If I get a chance later tonight, I’ll give this stuff a run on my girlfriend’s Vista laptop, which I’m pretty sure is slightly slower than mine (it better be, she paid less than half of what I did!), as well as my decaying old Windows box at home, which is a 2 Ghz single core with a crap graphics card and < 1 Gb RAM, and what I usually use for low end testing. I think my dad also has a mid-range AMD desktop, which might be worth checking out if I can get over there.

Also, have you tried things on Windows? I know there is a Linux JVM from Sun, but Linux is notorious for being stuck with sub-par graphics drivers and all of that, and even with a single core machine I’m a bit surprised that in a single threaded application you’re seeing upwards of a 10x speed cut compared to the rest of us…maybe the Core 2 Duos really are that much faster? I just don’t know.

Have you thought about a pre-warming strategy or something like that? You can likely get most of your methods compiled during the “Downloading resources…” phase of a game if you run something in the background rather than just waiting. I’d imagine if you really exercised the most common tasks, like shooting, running, jumping, etc., along with the physics engine, you’d have most of your stuff compiled before the game even started.

I would like to achieve smooth playing experience even on older computers, I know that some people in my target audience have even slightly worse computers than mine.

About stats, you can look into Valve’s HW survey. I think that it doesn’t make sense to ask for players who plays Java games, as it’s too general. Better to ask what HW have players who plays causal games, FPS, MMORPGs, etc.

Nice, I’m looking forward for the results, thanks :slight_smile:

Yes, I’ve tried on P4 “Prescott” 3.2GHz on Windows 2000, FPS were only about 1.5x-2x better and server VM pauses were just only slighly less visible than on my computer, still unacceptable. Linux performance and driver quality is very good when you have NVIDIA card :slight_smile: I observe the same speed on both W2K and Linux on the same machine.

That’s pretty messy hack, I don’t want to take this route, better to stick with Client VM for me then. Also, if I’m not wrong, compilation is driven by method invocation count, so some methods that are not so often called will still get compiled over time and causes pauses, probably not that big but still noticeable.

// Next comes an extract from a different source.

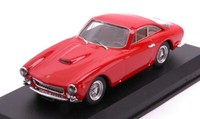Ferrari 250 GTL 1962 Rot 1:43 Modell Best Models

BTW this resulted from observing that JBullet port is about 50% of speed of native C++ Bullet library, and client is even worse. Which is pretty sad and driven me to thoughts how feasible server VM is for interactive (semi-realtime?) stuff like games.

I had the chance to test it with a special version of JRockit! They have a vm parameter to reduce the pauses the vm causes. I ran it with
java -jrockit -Xgcprio:deterministic -XpauseTarget:30ms
Comparing it to the Sun VM:

JRockit time until stabilized: ~ 14 seconds
JRockit FPS: ~800
JRockit notes: no noticeable pauses

At least for jesek2 it could be interesting to try this vm to see if it reduces the pauses…

Does the pauseTarget affect GC only or also compilation? I have no problem with GC, as nearly everything is object pooled.

Interesting, thanks for test, would be better to test it on machine with noticeable additional pauses though :slight_smile: Is JRockit freely available? Doesn’t look like that.

BTW, I’ve been thinking more about the compilation, and it’s also likely that part of pause is because of running interpreted code for awhile before compilation, which means big slowdown for that method. I’m leaning towards the idea that tiered compiler could fix that.

are you sure that a gc happened in the time you tested? I am asking because I also tried JRockit some time ago and initially thought this would be the solution for realtime apps everything ran very smooth even if it was slightly slower than the Sun server VM etc… until the gc kicked in (6-23s to cleanup time for a 1gig heap in my testcase).
But I haven’t tested the deterministic gc because I had no license for it.

I had similar observations like jezek2, the compiler causes most slowdowns in the first 30s in a typical 3d app (I always use -server so I can’t tell if its better with the client compiler). GC is in many cases no problem because it is almost always possible to tweak gc stops to be <100ms every >5s what makes it almost not noticeable.